:: The problem ::
All that is needed is an exact repetition of the lines from the one containing "HOOUN Women Vintage" through the final line of the material, without pictures.

*** Opening Data ***

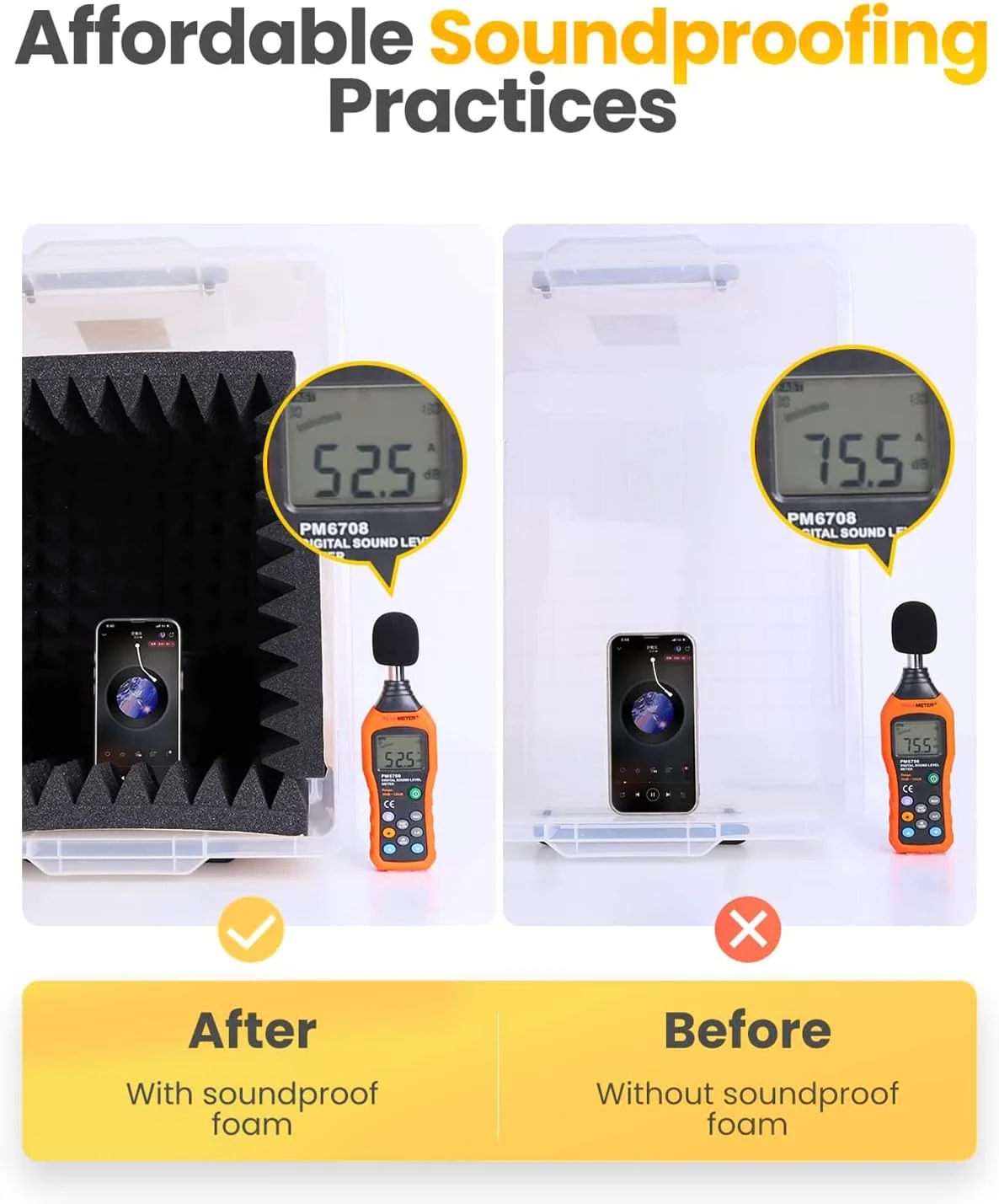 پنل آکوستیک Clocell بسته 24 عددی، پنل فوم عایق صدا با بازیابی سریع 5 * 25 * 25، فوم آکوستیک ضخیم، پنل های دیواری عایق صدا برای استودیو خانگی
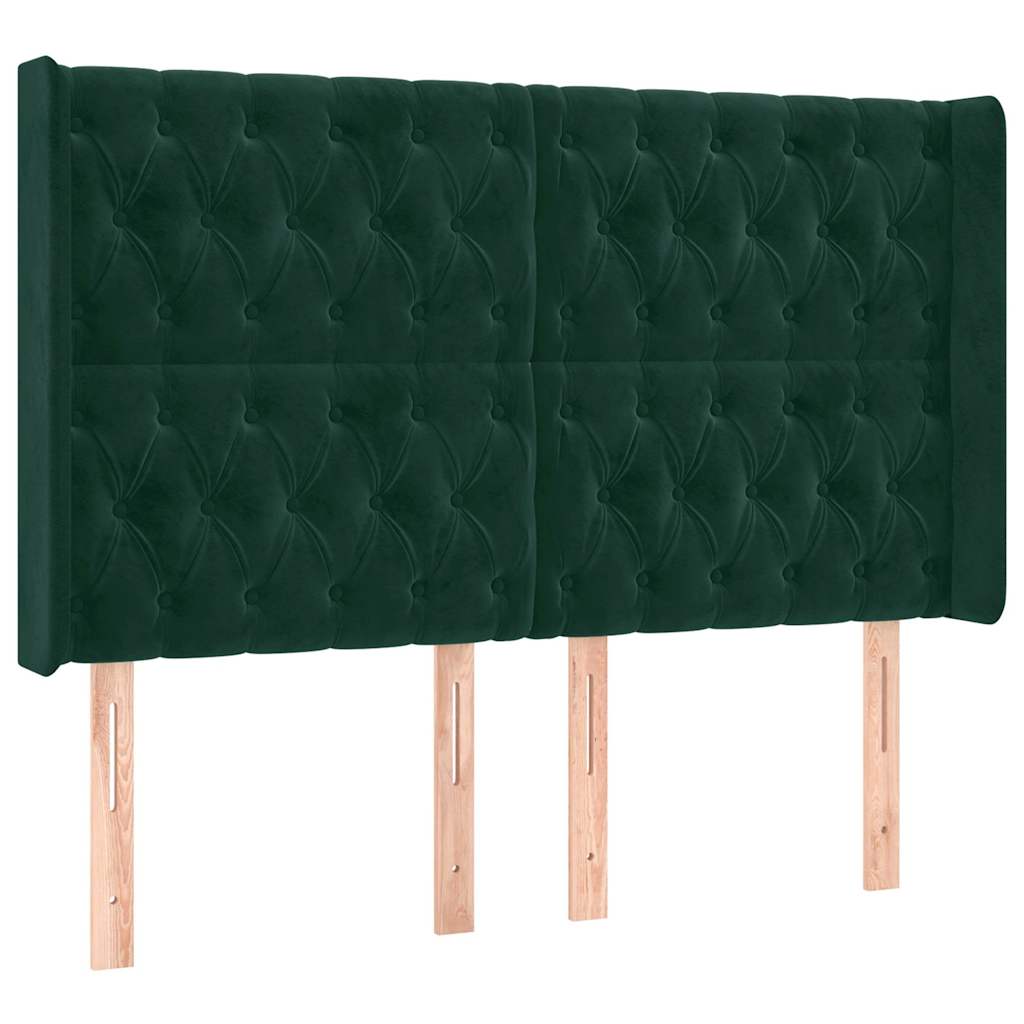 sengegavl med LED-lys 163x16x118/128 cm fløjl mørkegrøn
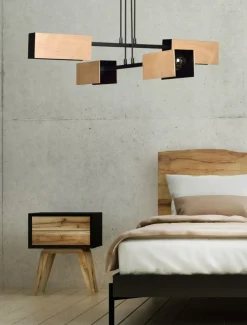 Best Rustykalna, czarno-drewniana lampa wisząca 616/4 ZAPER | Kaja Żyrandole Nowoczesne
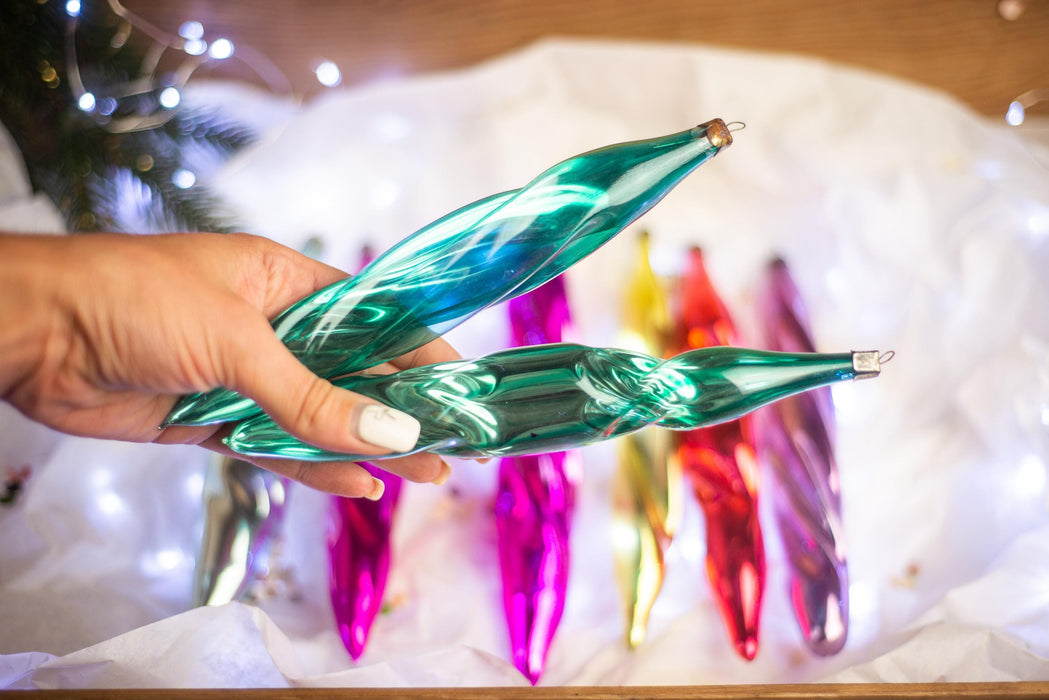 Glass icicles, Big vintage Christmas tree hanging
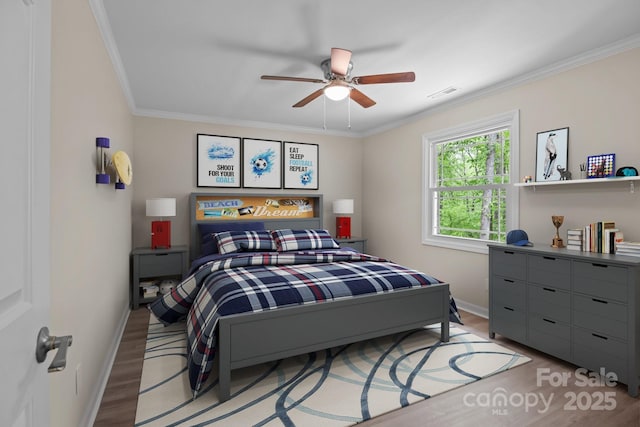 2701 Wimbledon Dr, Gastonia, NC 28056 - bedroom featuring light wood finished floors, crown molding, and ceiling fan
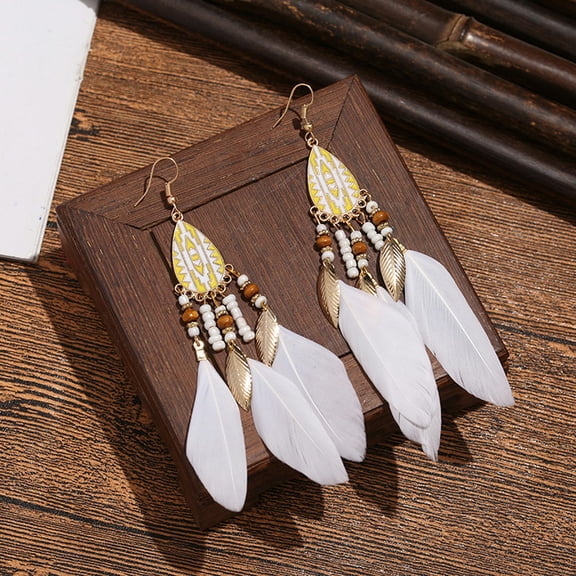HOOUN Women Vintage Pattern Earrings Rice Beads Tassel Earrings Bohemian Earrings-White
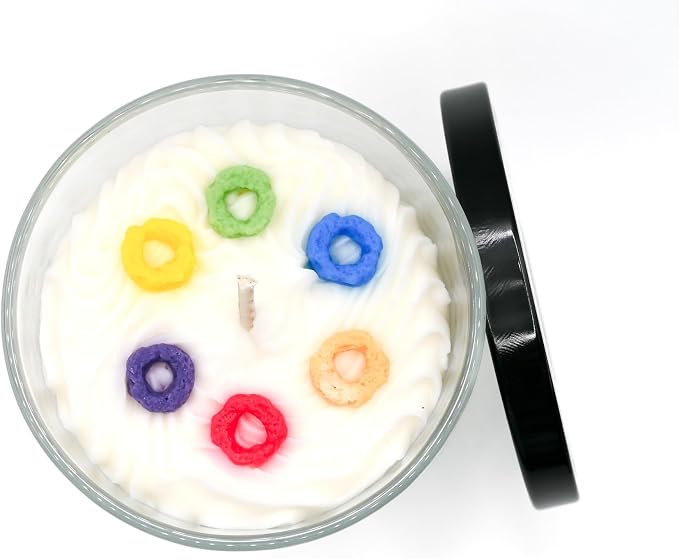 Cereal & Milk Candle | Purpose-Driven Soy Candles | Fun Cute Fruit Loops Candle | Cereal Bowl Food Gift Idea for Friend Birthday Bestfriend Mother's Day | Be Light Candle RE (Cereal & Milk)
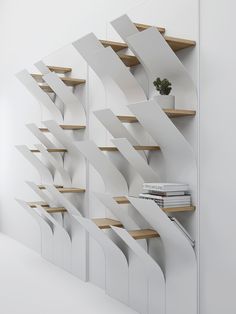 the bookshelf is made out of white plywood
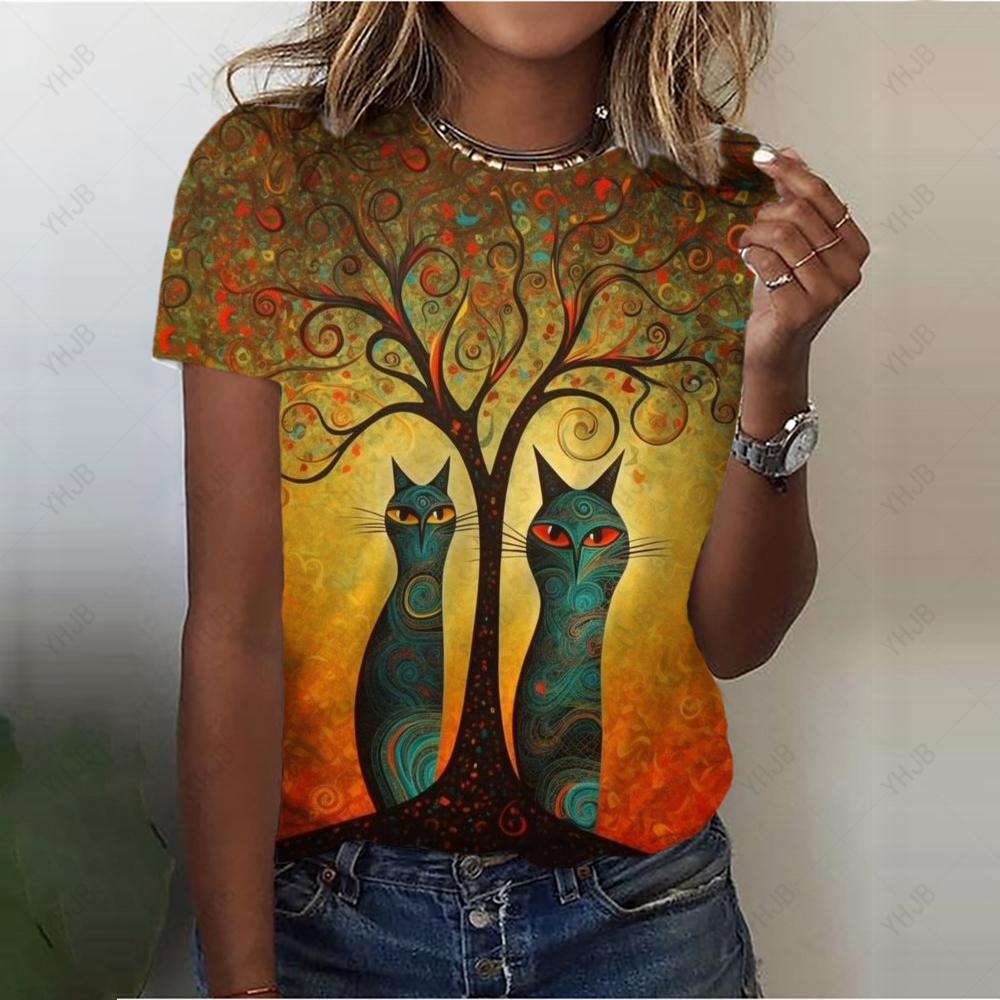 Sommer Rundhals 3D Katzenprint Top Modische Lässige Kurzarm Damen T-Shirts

*** Closing Data ***

:: Task response ::
HOOUN Women Vintage Pattern Earrings Rice Beads Tassel Earrings Bohemian Earrings-White
 Cereal & Milk Candle | Purpose-Driven Soy Candles | Fun Cute Fruit Loops Candle | Cereal Bowl Food Gift Idea for Friend Birthday Bestfriend Mother's Day | Be Light Candle RE (Cereal & Milk)
 the bookshelf is made out of white plywood
 Sommer Rundhals 3D Katzenprint Top Modische Lässige Kurzarm Damen T-Shirts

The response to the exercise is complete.